LAist reached out to DHS for comment but has not heard back.
The language that has been banned
Last October, LAist reported that DHS had begun targeting unaccompanied children with a “voluntary option” to return them to their countries of origin. Through court documents in the current case, more has been confirmed about how this so-called “voluntary option” was actually presented to children.
Unaccompanied children who are detained for suspected immigration violations are first held by DHS, before generally being turned over to Office of Refugee Resettlement, or ORR, which is part of the Department of Health and Human Services. At ORR, children are required by federal law to be provided a confidential legal consultation within 10 days, along with other support.
Court documents show DHS was presenting children with the option to self-deport, along with threats of prosecution and prolonged detainment if they refused, before they were transferred to ORR and guaranteed the chance to speak with an attorney.
Fitzgerald wrote that presenting this ultimatum to children violated the 1986 court order.
“It is difficult to imagine a scenario more coercive than the one faced by [unaccompanied immigrant children] in the 72 hours before they are transferred into ORR custody,” Fitzgerald wrote in court documents, “particularly for noncitizen children who likely do not know whether they possess any rights at all.”
According to evidence presented in court, children were told that if they did not accept voluntary deportation, they would be detained “for a prolonged period of time” and if they turned 18 years old while in custody they would “be turned over to Immigration and Customs Enforcement for removal.”
They were also told they may be “barred from legally applying for a visa” and that their sponsor in the U.S. “may be subject to criminal prosecution” if they didn’t agree to voluntary deportation.
This information was read to children or presented to them in a document DHS called the “UAC Pathway Processing Advisal”, but Rosenbaum told LAist he sees even the document’s name as misleading.
”It wasn't an advisal, it was a coercive document,” Rosenbaum said. The government has admitted it used the document since September 2025, according to the court order that now bans its use.
How did it come to this?
Rosenbaum said that after the 1986 court order, which also requires unaccompanied children to be allowed telephone access to relatives or legal support, organizations like Public Counsel and the National Immigration Law Center monitored the government’s compliance with the order.

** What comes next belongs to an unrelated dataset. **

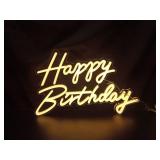 Happy Birthday Sign Large Size 22.5x14inch 5V Happy Birthday Neon Sign for Backdrop with Dimmer Switch 10 Adjustable Brightness Reusable Happy Birthday Light up Sign for Birthday Party (Warm White) -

Other than a few exceptions, he said, the injunction had been followed until recent years.
“ When the Trump administration began its immigration activities in the second term of the president, that all changed,” Rosenbaum said, “and it changed in a hurry.”
Court records show that DHS notified the court last November that they would be asking for the 1986 court ordered protections for children in the department’s custody to be ended. When organizations monitoring compliance with the order saw this, Rosenbaum said they investigated and found that in nearly all circumstances, children were no longer allowed to talk to lawyers and were being coerced to take voluntary departures from the country.
Despite the court order, Rosenbaum said, children were “separated from family, separated from their communities and separated from their constitutional rights.”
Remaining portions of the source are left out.